What the Critics Said About Paris Fashion Week, and What They Really Meant

"Collateral damage in a tuna hunt." Photo: imaxtree

The reviews from Paris Fashion Week are clogging the Internet with words that resemble English but don't necessarily make a lot of sense. That means it's time for another edition of "What They Really Meant," where we read the fashion reviews so you don't have to. You've worked hard enough today already.

Robin Givhan on the concept of edginess for the Washington Post:

The term once implied that a designer was balanced at the rim of an abyss — an aesthetic one — and was prepared to make a leap. At minimum, edgy designers intended to shock the audience and make people rethink their assumptions. Edginess was about fraying the status quo.

But like a lot of designations in fashion — "luxury" being the prime example — it has turned hollow.

What it means: Remember how Jay Z was going to retire and then popped up in Budweiser commercials? Yeah, well, "edginess" on the runway is a sellout, too.

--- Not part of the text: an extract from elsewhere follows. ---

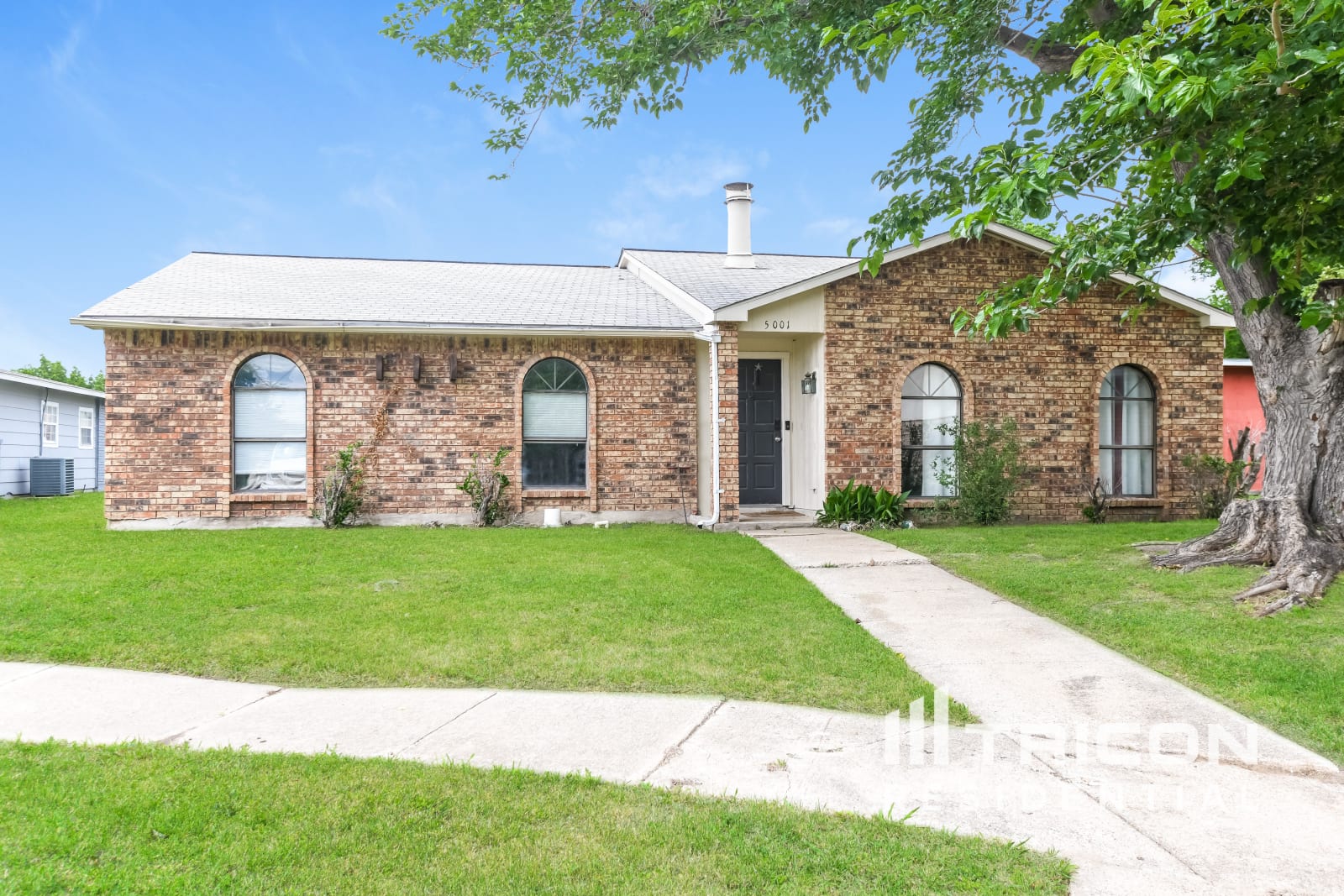 5001 Oregon Court Grand Prairie TX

When everyone does it, it's just an eye roller.

Nicole Phelps on Veronique Branquinho for Style.com:

Jersey shifts color-blocked in heather gray and black, and lace frocks in copper or emerald green rounded out an understated collection. Branquinho didn't add much to this season's fashion conversation, but the smart, self-possessed girls who number among her fans will find things to like.

What it means: She showed clothes the way a real woman with a sophisticated career would actually wear them — so no one's going to talk about the line. Sorry, what designer were we talking about again?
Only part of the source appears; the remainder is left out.